Starting next year, tourists at Angkor Wat will have to use a floating bridge to cross the moat that surrounds the world-famous temple as a five-year restoration project gets underway on the stone walkway that has served the monument for centuries.
The stone path remained open during the first phase of the restoration project between 1996 and 2007. But it will have to be shut down for the second phase, expected to begin early next year and finish in 2020, said Long Kosal, a spokesman for the Apsara Authority, the government body that manages Angkor Archaeological Park.
Angkor Wat, a representation of the mythical Mount Meru, is the park’s centerpiece, drawing in millions of tourists a year.
Mr. Kosal said the project was being led by Japan’s Sophia University, which is splitting the cost of the work with the Apsara Authority.
In the walkway’s stead, the hoards of daily visitors to the temple will make their way across the 200 meter-wide moat on a plastic bridge that will float on the water.
The spokesman said work on the floating bridge could begin by the end of the month and finish in May.
“It is plastic that can handle quite a lot of people and will let them cross back and forth just fine,” he said.
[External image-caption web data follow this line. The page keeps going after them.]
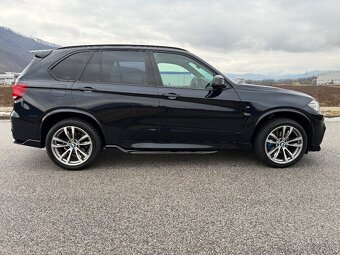 BMW X5 3.0d X-Drive F15 M-Packet Performance Možná výmena - 5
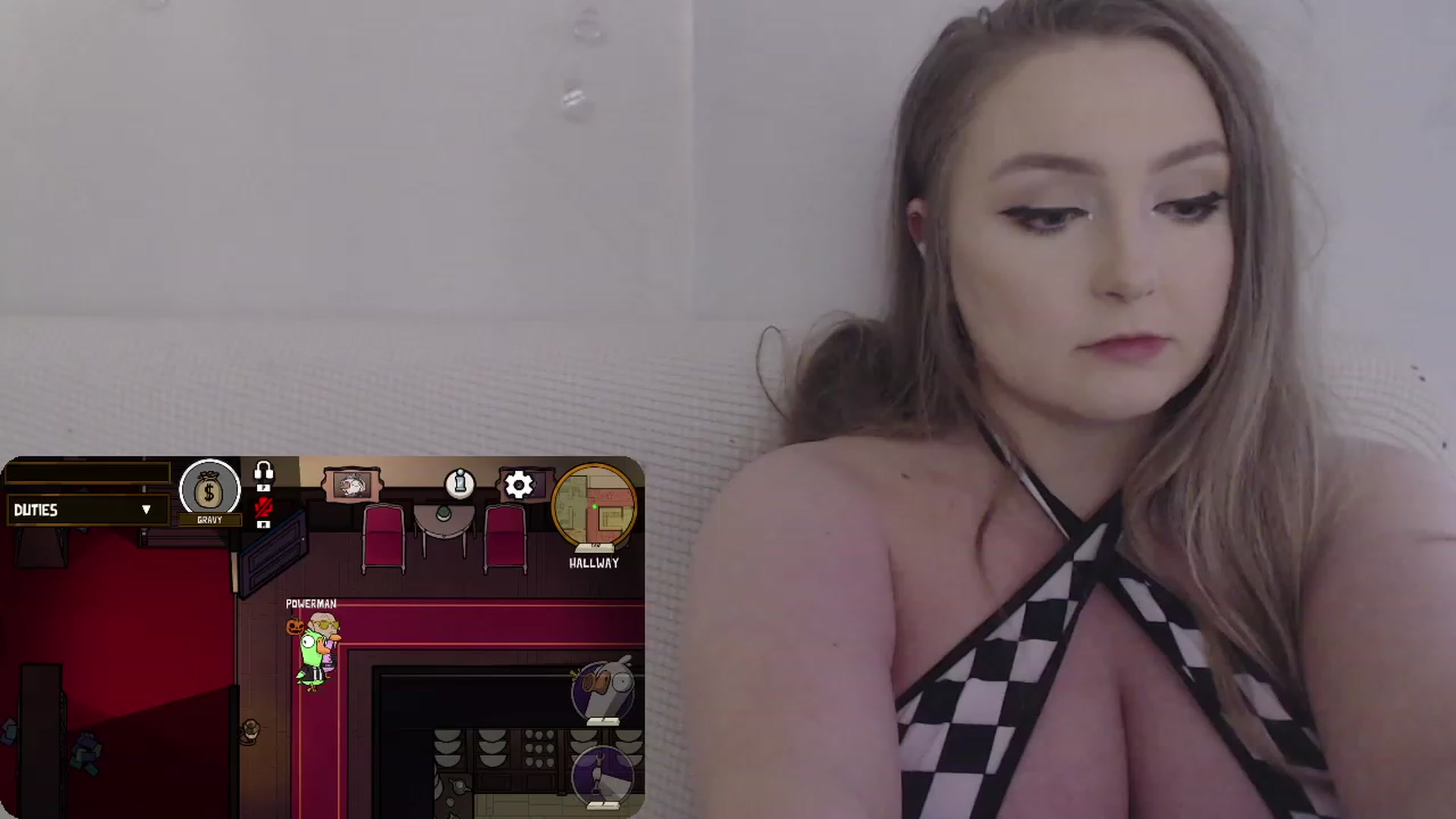 Gallery image thumbnail from LibbyxDoe's myfreecams stream on, 10/02/2023, 09:56 image 15 of 20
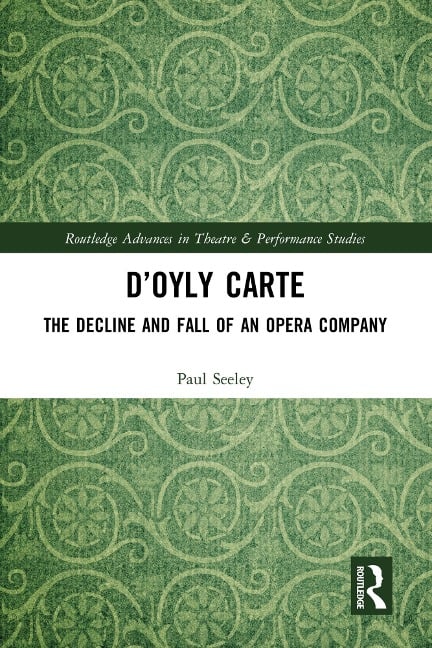 D'Oyly Carte - Paul Seeley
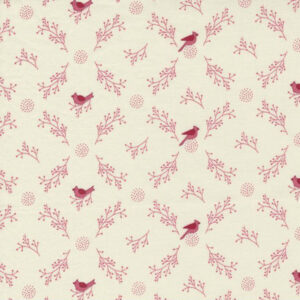 Moda Bunny Hill Designs Sugarberry Florals Porcelain 3024 11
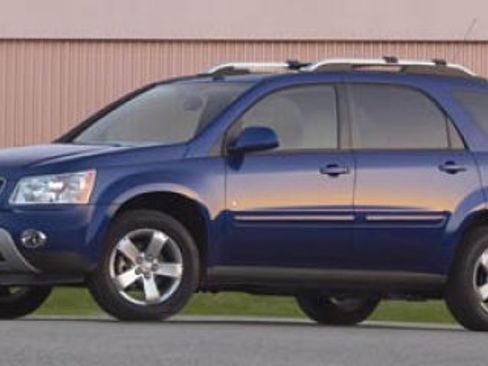 Used 2007 Pontiac Torrent 2WD w/ Preferred Package image 2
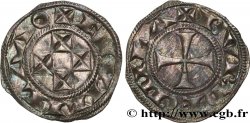 AQUITAINE - DUCHÉ D AQUITAINE - GUILLAUME X Denier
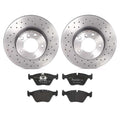 Brembo OE Ceramic Disc Brake Kit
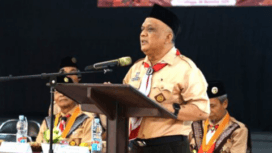 Kwarcab Purbalingga sukses mencetak lebih dari 500 pembina Pramuka baru melalui KOK.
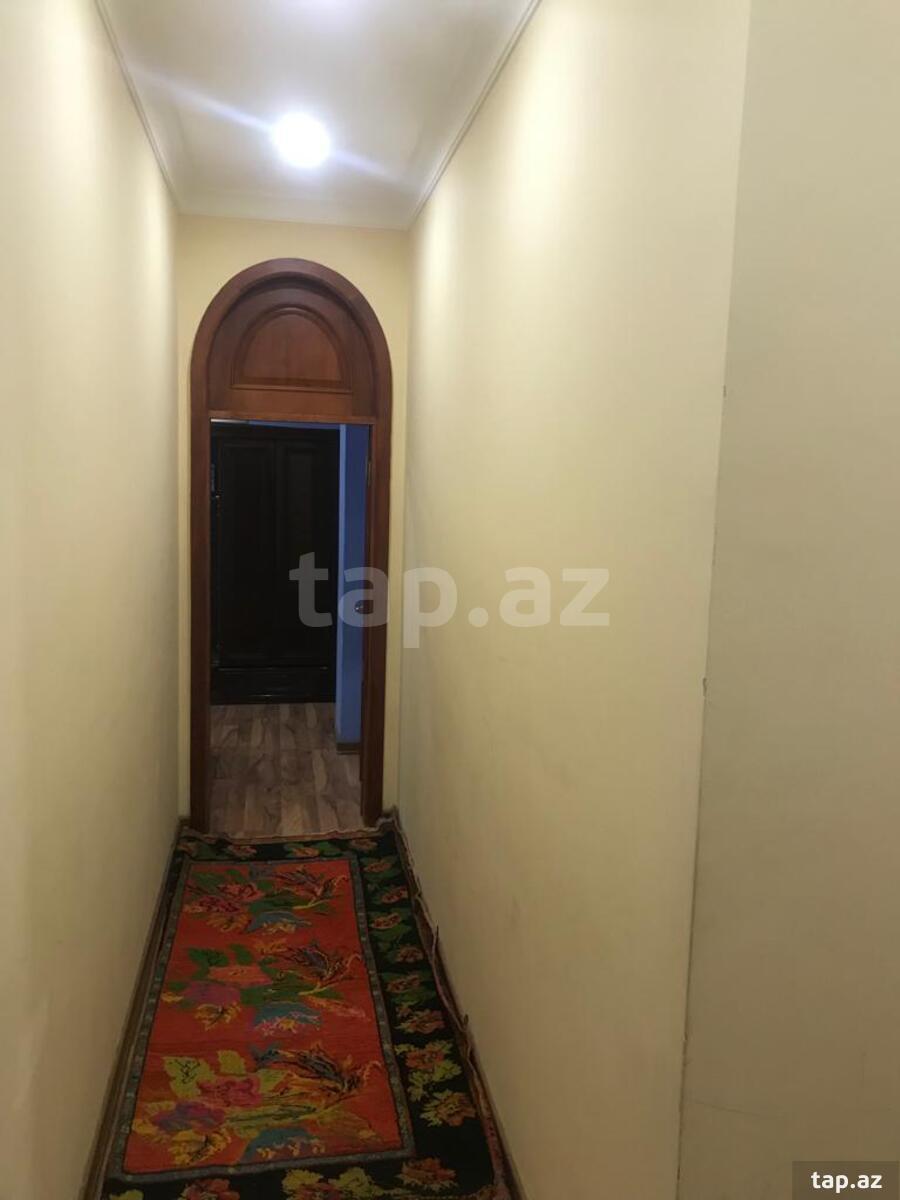 4-otaqlı yeni tikili, Memar Əcəmi m., 185 m² (20)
“We have checked and studied and there will be no problems that could affect the tourists; we even considered the beauty,” he added. “Previously, we have seen that tourists would pose for pictures on the stone bridge, and they will be able to pose for pictures on this temporary bridge too.”
Mr. Kosal said the Apsara Authority was paying for the floating bridge itself, though he did not know how much it—or the restoration of the stone walkway—would cost.
Chau Sun Kerya, a spokeswoman for the authority, said Cambodia’s contribution to the restoration would mainly come through in-kind support from laborers and technical experts.
The walkway was last restored by the French in the 1960s.